Author PicMelissa Collins has always been a book worm.  Studying Literature in college ensured that her nose was always stuck in a book.  She followed her passion for reading to the most logical career choice: English teacher.  Her hope was to share her passion for reading and the escapism of books to her students.  Having spent more than a decade in front of a classroom, she can easily say that it’s been a dream.

Her passion for writing didn’t start until more recently.  When she was home on maternity leave in early 2012, she read her first romance novel and her head filled with the passion, angst and laughter of the characters who she read about it.  It wasn’t long before characters of her own took shape in her mind. Their lives took over Melissa’s brain and The Love Series was born.

Web – www.melissacollinsauthor.com

Facebook – www.facebook.com/melissacollins.author

Twitter – @mcollinsauthor

Guest Post

I recently saw a Facebook post from one of my long-time friends who wrote that her six-year-old daughter came home from school one day complaining that she was “fat.” Now, I had only just had lunch with my friend and her daughter over the holiday break and I can one-thousand percent testify to the fact that her daughter is most definitely not fat.  She is intelligent and creative, shy but inquisitive – in short, she’s pretty much a dream come true. But even if she was “fat”, would her “fatness” negate all of those things. Does being “fat” make you less intelligent? Less important? Less worthy of love?

No, it doesn’t, but somewhere along the way, society has trained us to think these things. That an extra hundred pounds – hell, even an extra ten pounds – somehow makes you less worthy of everything.

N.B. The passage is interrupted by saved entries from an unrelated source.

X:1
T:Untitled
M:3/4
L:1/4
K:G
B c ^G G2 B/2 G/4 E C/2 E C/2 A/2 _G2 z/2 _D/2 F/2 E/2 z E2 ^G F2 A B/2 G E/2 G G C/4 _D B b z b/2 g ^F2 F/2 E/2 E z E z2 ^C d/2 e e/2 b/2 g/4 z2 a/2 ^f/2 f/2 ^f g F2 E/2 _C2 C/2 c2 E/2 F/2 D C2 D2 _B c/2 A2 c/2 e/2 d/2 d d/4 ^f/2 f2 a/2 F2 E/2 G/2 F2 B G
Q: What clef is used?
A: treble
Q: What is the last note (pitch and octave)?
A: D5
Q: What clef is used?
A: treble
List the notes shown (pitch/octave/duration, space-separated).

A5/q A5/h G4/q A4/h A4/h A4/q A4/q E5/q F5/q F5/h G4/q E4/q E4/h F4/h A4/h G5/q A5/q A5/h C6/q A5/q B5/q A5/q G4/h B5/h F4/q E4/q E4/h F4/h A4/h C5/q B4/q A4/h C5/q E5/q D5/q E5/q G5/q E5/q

I know because I’ve been there. My whole life has been plagued by feelings of unworthiness because of my own body image issues – because I am not the size two stereotype of American beauty. While I don’t remember the exact moment that my weight became the focus of my self-image, I also can’t remember when it wasn’t a part of how I evaluated my worth.

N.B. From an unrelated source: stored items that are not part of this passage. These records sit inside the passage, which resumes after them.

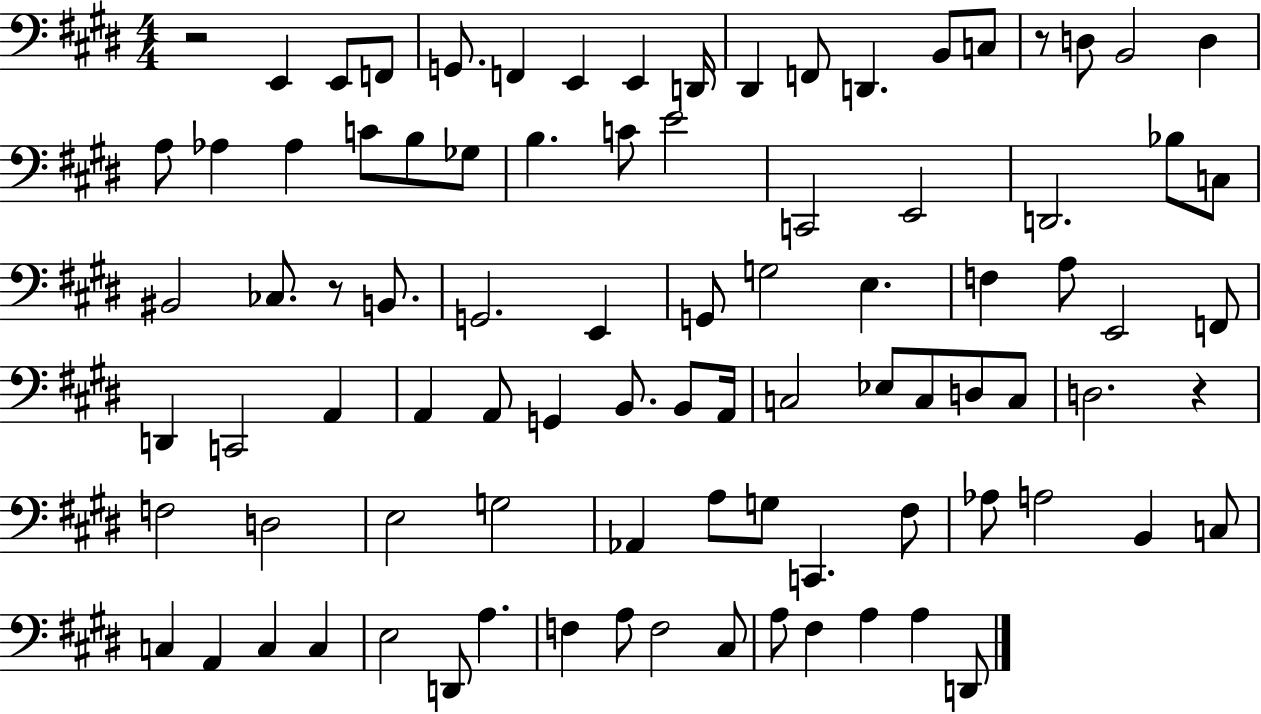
X:1
T:Untitled
M:4/4
L:1/4
K:E
z2 E,, E,,/2 F,,/2 G,,/2 F,, E,, E,, D,,/4 ^D,, F,,/2 D,, B,,/2 C,/2 z/2 D,/2 B,,2 D, A,/2 _A, _A, C/2 B,/2 _G,/2 B, C/2 E2 C,,2 E,,2 D,,2 _B,/2 C,/2 ^B,,2 _C,/2 z/2 B,,/2 G,,2 E,, G,,/2 G,2 E, F, A,/2 E,,2 F,,/2 D,, C,,2 A,, A,, A,,/2 G,, B,,/2 B,,/2 A,,/4 C,2 _E,/2 C,/2 D,/2 C,/2 D,2 z F,2 D,2 E,2 G,2 _A,, A,/2 G,/2 C,, ^F,/2 _A,/2 A,2 B,, C,/2 C, A,, C, C, E,2 D,,/2 A, F, A,/2 F,2 ^C,/2 A,/2 ^F, A, A, D,,/2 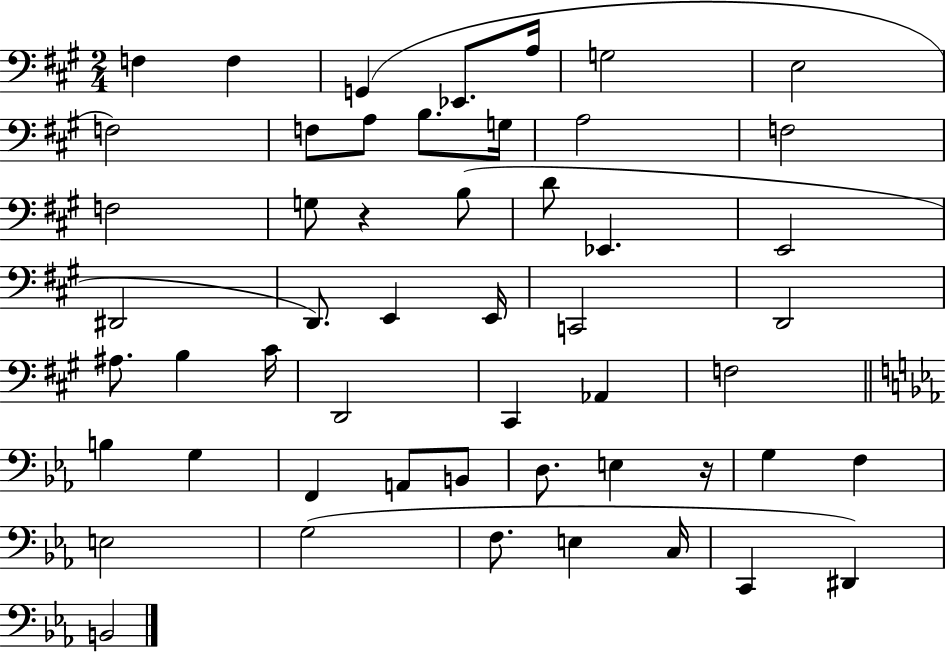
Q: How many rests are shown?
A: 2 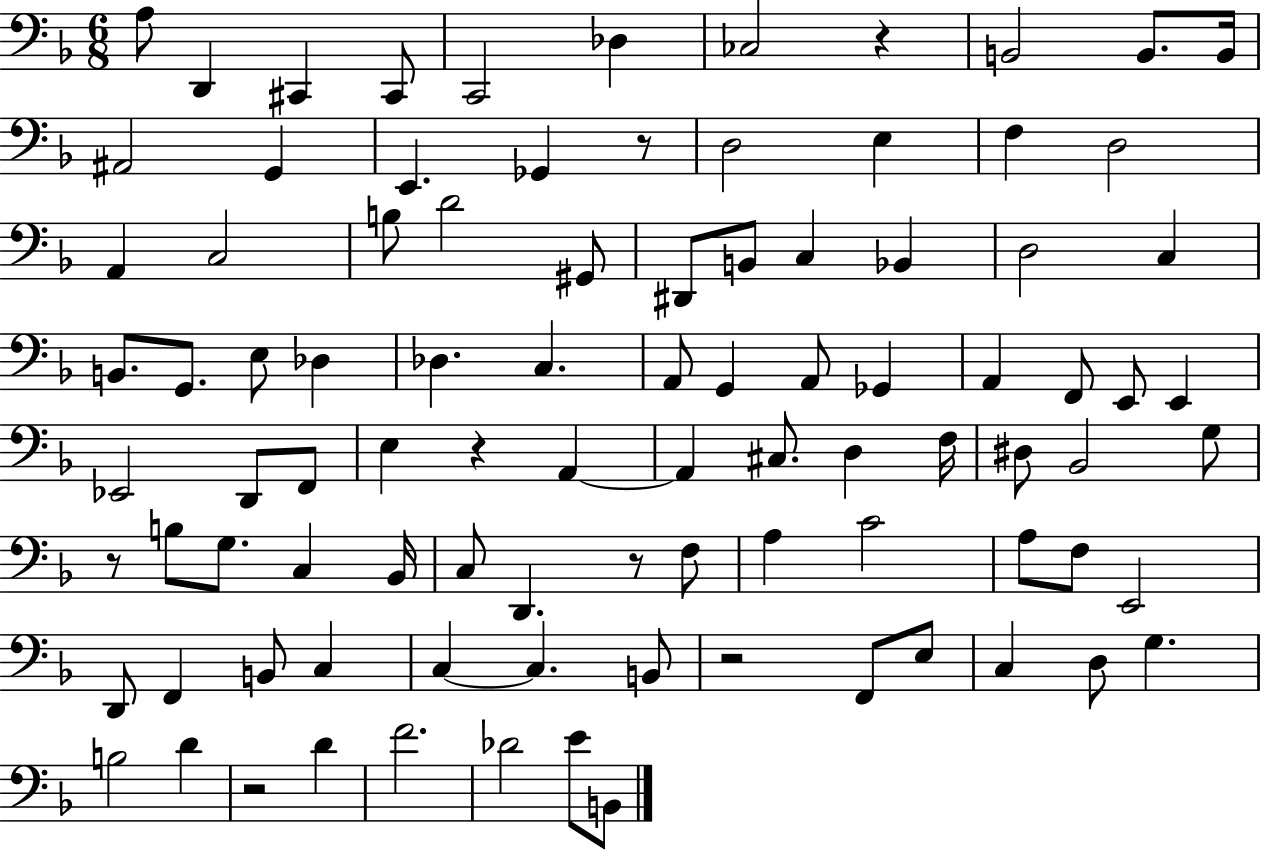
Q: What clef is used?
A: bass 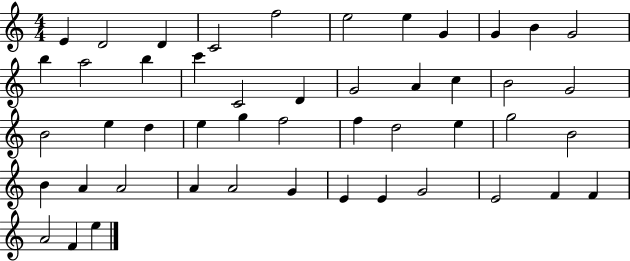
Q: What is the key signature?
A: C major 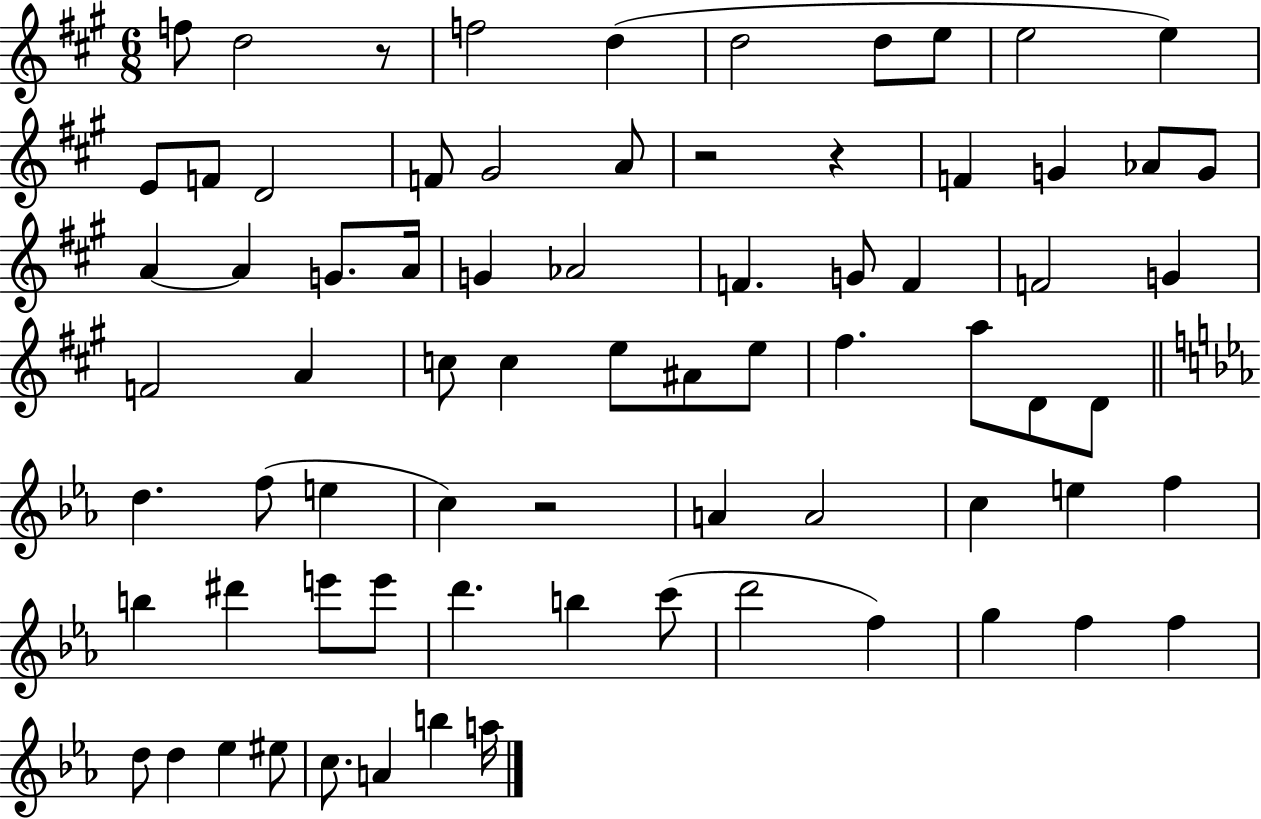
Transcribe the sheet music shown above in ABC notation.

X:1
T:Untitled
M:6/8
L:1/4
K:A
f/2 d2 z/2 f2 d d2 d/2 e/2 e2 e E/2 F/2 D2 F/2 ^G2 A/2 z2 z F G _A/2 G/2 A A G/2 A/4 G _A2 F G/2 F F2 G F2 A c/2 c e/2 ^A/2 e/2 ^f a/2 D/2 D/2 d f/2 e c z2 A A2 c e f b ^d' e'/2 e'/2 d' b c'/2 d'2 f g f f d/2 d _e ^e/2 c/2 A b a/4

A distinct memory of being driven to the nutritionist for my weekly appointment – at which I would be weighed and evaluated by the less-than-caring doctor, where my weight was the focus of the conversation between him and my parents – still haunts me to this day. It was as if I wasn’t in the room – and for all intents and purposes I wasn’t: my weight was. That was the only thing that mattered in those moments – not my self-esteem, or my misunderstanding of why it was so important for me to lose weight – all that mattered what the number on the scale. I would starve myself for days before those appointments just to devour a simple compliment. And from those appointments came the feeling that I was only doing something meaningful if I was trimming down my waistline.

I have never been skinny, even as a young girl, I was the chubby kid.  It has always been a part of who I am. I heard the sly snickers, the concealed remarks about my weight all through junior high – man, that is just a rough time for anyone. Even in high school, I remained a bit introverted because I told myself that no one wants to be friends with me because I wore a size 12.

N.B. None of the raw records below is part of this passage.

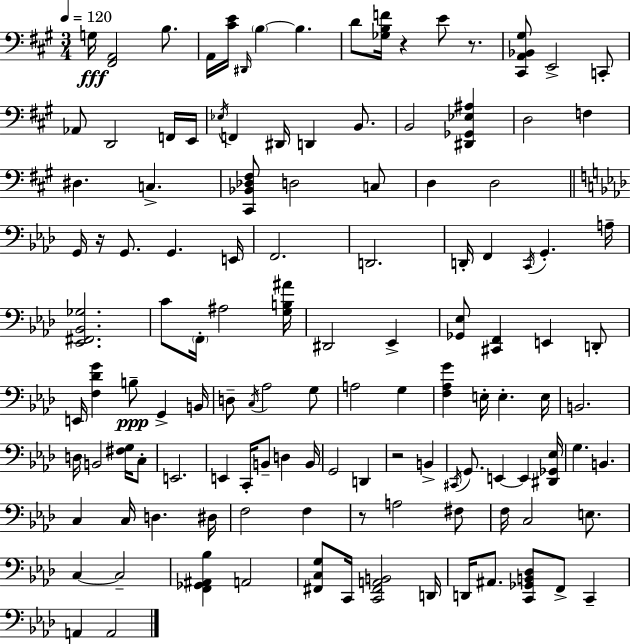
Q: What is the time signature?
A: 3/4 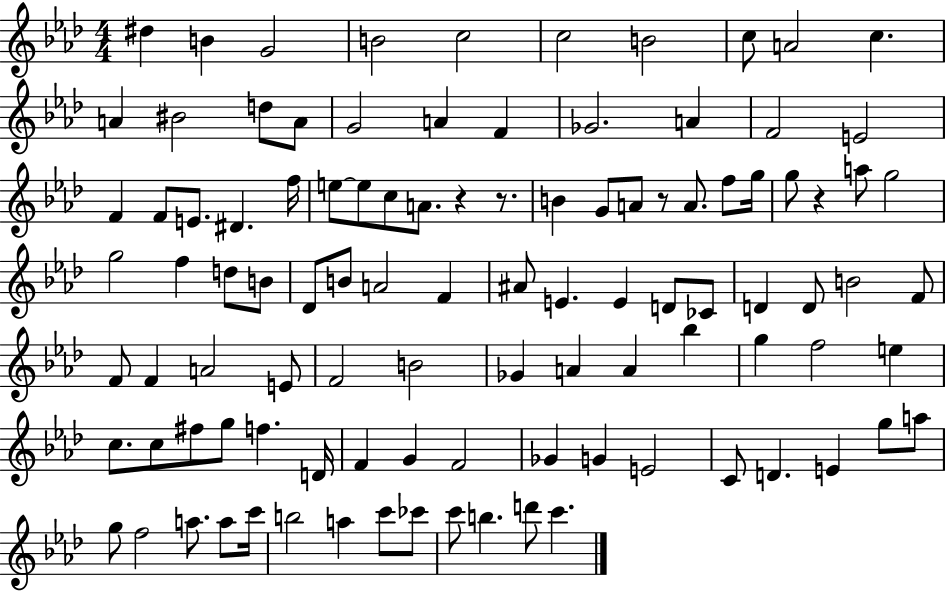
{
  \clef treble
  \numericTimeSignature
  \time 4/4
  \key aes \major
  \repeat volta 2 { dis''4 b'4 g'2 | b'2 c''2 | c''2 b'2 | c''8 a'2 c''4. | \break a'4 bis'2 d''8 a'8 | g'2 a'4 f'4 | ges'2. a'4 | f'2 e'2 | \break f'4 f'8 e'8. dis'4. f''16 | e''8~~ e''8 c''8 a'8. r4 r8. | b'4 g'8 a'8 r8 a'8. f''8 g''16 | g''8 r4 a''8 g''2 | \break g''2 f''4 d''8 b'8 | des'8 b'8 a'2 f'4 | ais'8 e'4. e'4 d'8 ces'8 | d'4 d'8 b'2 f'8 | \break f'8 f'4 a'2 e'8 | f'2 b'2 | ges'4 a'4 a'4 bes''4 | g''4 f''2 e''4 | \break c''8. c''8 fis''8 g''8 f''4. d'16 | f'4 g'4 f'2 | ges'4 g'4 e'2 | c'8 d'4. e'4 g''8 a''8 | \break g''8 f''2 a''8. a''8 c'''16 | b''2 a''4 c'''8 ces'''8 | c'''8 b''4. d'''8 c'''4. | } \bar "|."
} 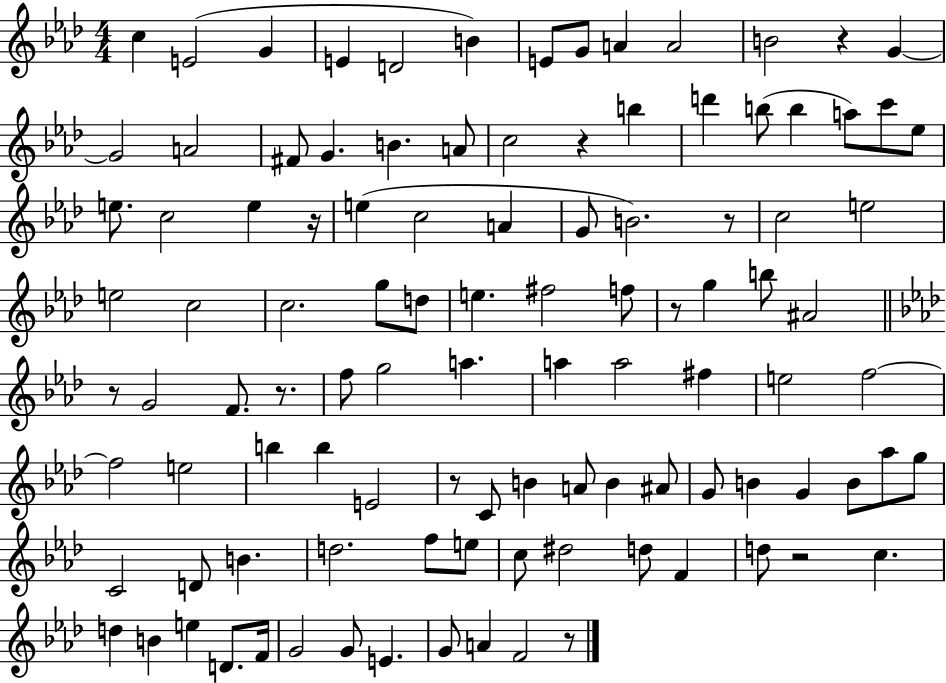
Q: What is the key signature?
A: AES major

What I wouldn’t give to go back in time and shake some sense into the younger version of myself. For so long, I told myself that I was insignificant as a person because of my weight. I battled the scale through my entire teenage and young-adult existence. And forget being able to feel pretty in clothes – this shirt is too tight; it’s shows my curves. These jeans make my ass look big. This tank-top reveals my flabby arms.

On a daily basis, my self-talk was negative and just plain mean – it was filled with ideas that I would never tolerate someone else saying to me. So why was I allowing myself to say these things to me? Why was it okay for me to hate myself, loathe the idea of my existence just because I wasn’t skinny? Like my friend’s daughter, I was (and I’d like to think I still am) intelligent, funny, caring and genuinely good person.  But none of that mattered because I perceived myself as overweight.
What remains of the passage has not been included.